De hecho, los casos de Covid-19 han aumentado en Georgia desde aproximadamente el 11 de junio, con una rápida inflexión ascendente de la curva que coincide con las continuas protestas callejeras de Black Lives Matter y una mayor capacidad de prueba.

Si estos nuevos casos se encuentran predominantemente en personas jóvenes y sanas, o son una función del aumento de las tasas de prueba, podemos esperar que no produzcan un aumento en las muertes diarias de Covid-19 y acerquen el estado a la inmunidad colectiva.

¿Por qué los medios de comunicación prestigiosos continúan haciendo eco de un análisis obviamente inexacto? Parece que cada capítulo de la historia de Covid-19 en los EE. UU. Se ha inclinado por el campo de distorsión de la realidad de las elecciones presidenciales de noviembre.

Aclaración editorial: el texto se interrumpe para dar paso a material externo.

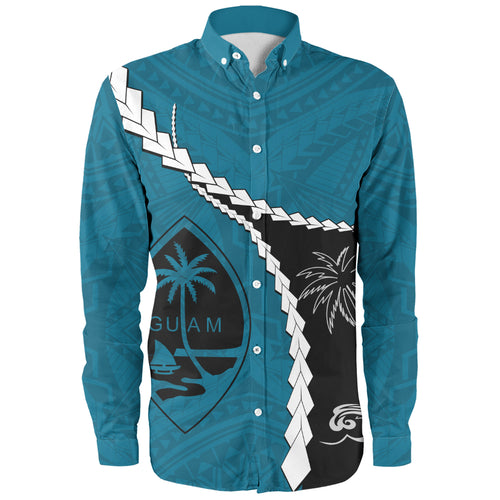 Guam Long Sleeve Shirt Tribal Spirits Coconut Tree
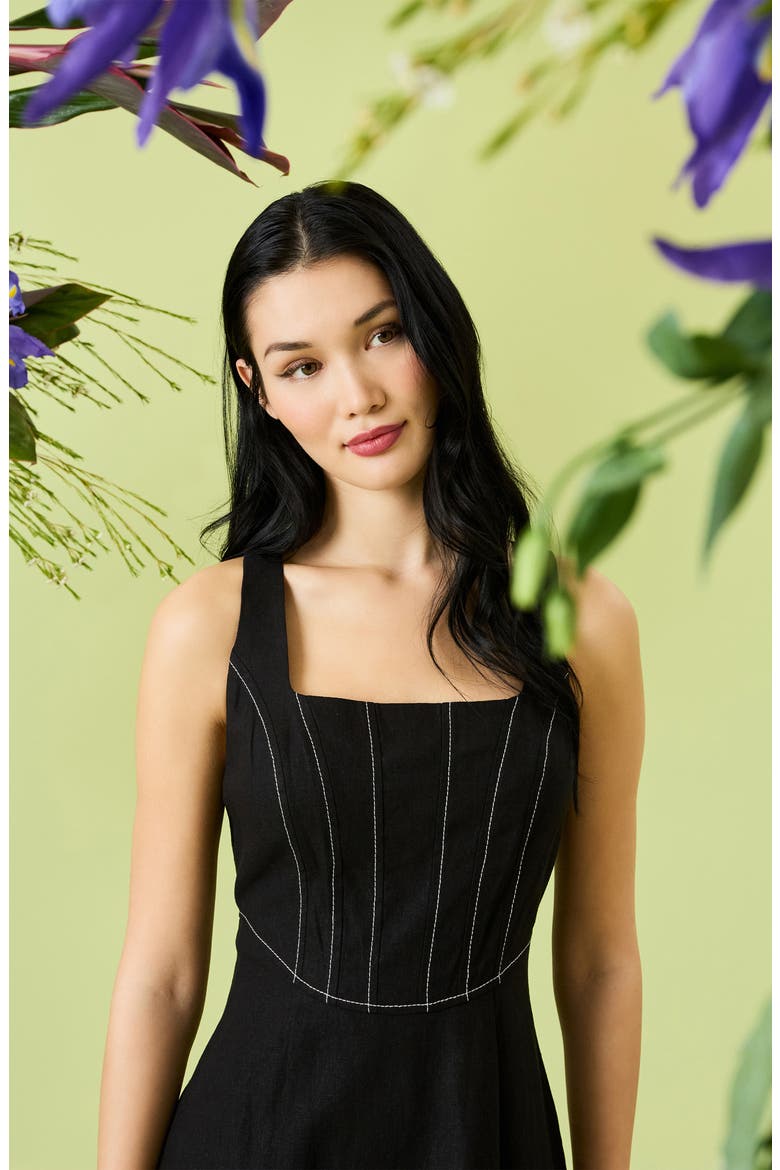 Contrast Topstitch Sleeveless Linen Blend Midi Dress, Alternate, color, BLACK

En cuestiones de investigación de hidroxicloroquina, almacenamiento de ventiladores, desarrollo de vacunas, la efectividad de las máscaras faciales y distanciamiento social, los comentaristas estadounidenses parecen dividirse en dos grupos de opinión no superpuestos. No puedo encontrar una filosofía médica consistente que defina a ninguno de los dos grupos.

¿Cómo puede ser que la credulidad de la hidroxicloroquina siga de cerca al escepticismo de la vacuna? ¿Por qué las máscaras faciales y el distanciamiento social se consideran de vital importancia, excepto cuando se protesta por la brutalidad policial?

Estas preguntas deben ser respondidas por la realidad médica, no por la política de partidos. Sin embargo, parece que, al menos entre muchos comentaristas, la política de los partidos abruma la evidencia científica.

El presidente Trump, a veces por razones económicas calvas, ha favorecido la reapertura desde finales de marzo. Los periodistas en los medios de comunicación de élite reunieron a un coro de expertos para oponerse a él en este punto, incluso cuando luego cubrió sus apuestas.

Ni las ansiedades vacilantes del presidente ni las opiniones de los expertos cuentan mucho una vez que los datos están disponibles. Georgia reabrió primero; su cielo no ha caído. Reconozcamos esta realidad médica.